Let's say that I am trying to calculate the average velocity of a fluid through a pipe and I only know the average velocity of a cross-section through the center, can I find the average velocity in the pipe as a whole if we know it is radially symmetric? How? I have made two attempts and failed both times. But I'll show my work below. Assume the pipe has radius R:
We are given the average velocity in the two dimensional slice, so we know $\bar{v}_{2D} = \frac{1}{R}\int_0^R v(r)\,dr $ **NOTE: we do not know v(r), just what this result is.
If we knew the function for the velocity profile (we don't) then the average velocity in the pipe would just be $ \frac{1}{\pi R^2}\int_0^{2\pi}\int_0^Rv(r)\,rdrd\theta$. At this point I am tempted to use the first relation to say that:
$\bar{v}_{2D} = \frac{1} {R}\int_0^R v(r)\,dr \longrightarrow \int_0^R v(r)\,dr=\bar{v}_{2D} R$ and substitute into the above equation but we can't because it is $rdr$ and not just $dr$.

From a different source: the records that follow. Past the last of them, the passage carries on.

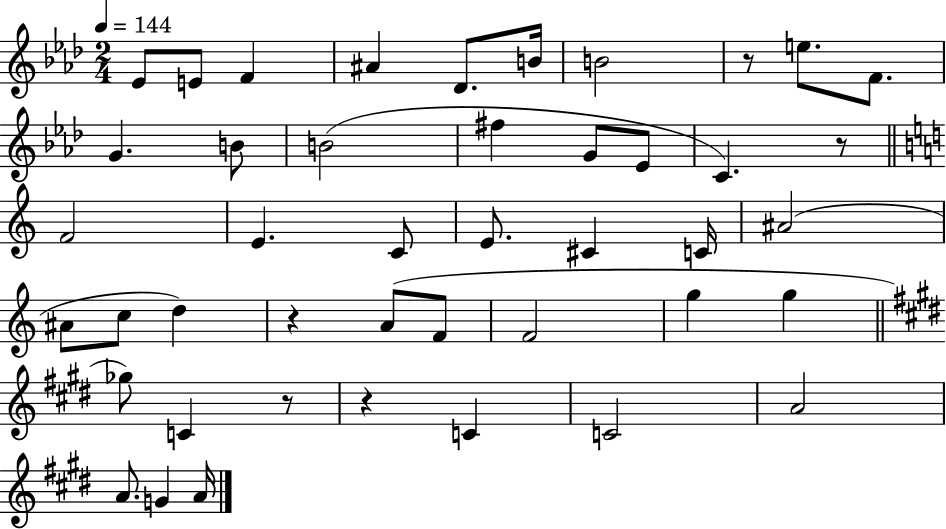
{
  \clef treble
  \numericTimeSignature
  \time 2/4
  \key aes \major
  \tempo 4 = 144
  ees'8 e'8 f'4 | ais'4 des'8. b'16 | b'2 | r8 e''8. f'8. | \break g'4. b'8 | b'2( | fis''4 g'8 ees'8 | c'4.) r8 | \break \bar "||" \break \key a \minor f'2 | e'4. c'8 | e'8. cis'4 c'16 | ais'2( | \break ais'8 c''8 d''4) | r4 a'8( f'8 | f'2 | g''4 g''4 | \break \bar "||" \break \key e \major ges''8) c'4 r8 | r4 c'4 | c'2 | a'2 | \break a'8. g'4 a'16 | \bar "|."
}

My second line of reasoning is that this must be simpler than I am making. It has to be fundamentally tied with the relationship between area, $\pi$, and radius. I have a feeling that perhaps the ratio between the area of a right triangle and the area of the cone generated by rotating that triangle around its 90 degree junction in a full circle would be equal to the ratio of this average velocity to the average velocity over the pipe as a whole. Perhaps the ratio of every radially symmetric volume to a radial slice is the same? However this is just a guess and I have no Idea how to really verify it. Also, if this guess is wrong, then I have no idea how to proceed.
EDIT possible answer:
Using Peter's advice below I considered the following thought experiment to show this is not enough information to solve the problem: The ratio of the area of a rectangle to the volume of the cylinder it generates is different than the ratio of the area of right triangle to the volume of the cone it generates. However both are proportional to πr which is kind of cool!So the answer would probably be proportional to $\bar{v}_{2D} \pi r$ but we can't know how...
It is not possible in general. It will suffice to show that there exist two profiles $v(r)$ with the same $v_{2d}$ but different average velocity over the disk. For example
$$ v_1(r)=\frac{r}{R} \\ v_2(r)=1-\frac{r}{R} $$
Satisfy
$$ v_{2d}=\frac{1}{R}\int\limits_0^Rdr \ v_1(r)=\frac{1}{R}\int\limits_0^Rdr \ v_2(r)=\frac{1}{2} $$
However, the average velocity is different
$$ \bar{v}_1=\frac{2\pi}{\pi R^2}\int\limits_0^R dr \ rv_1(r)=\frac{2}{3} \\ \bar{v}_2=\frac{2\pi}{\pi R^2}\int\limits_0^R dr \ rv_2(r)=\frac{1}{3} \\ \bar{v}_1 \neq \bar{v}_2 $$
We conclude that in general the average velocity is not uniquely determined by $v_{2d}$.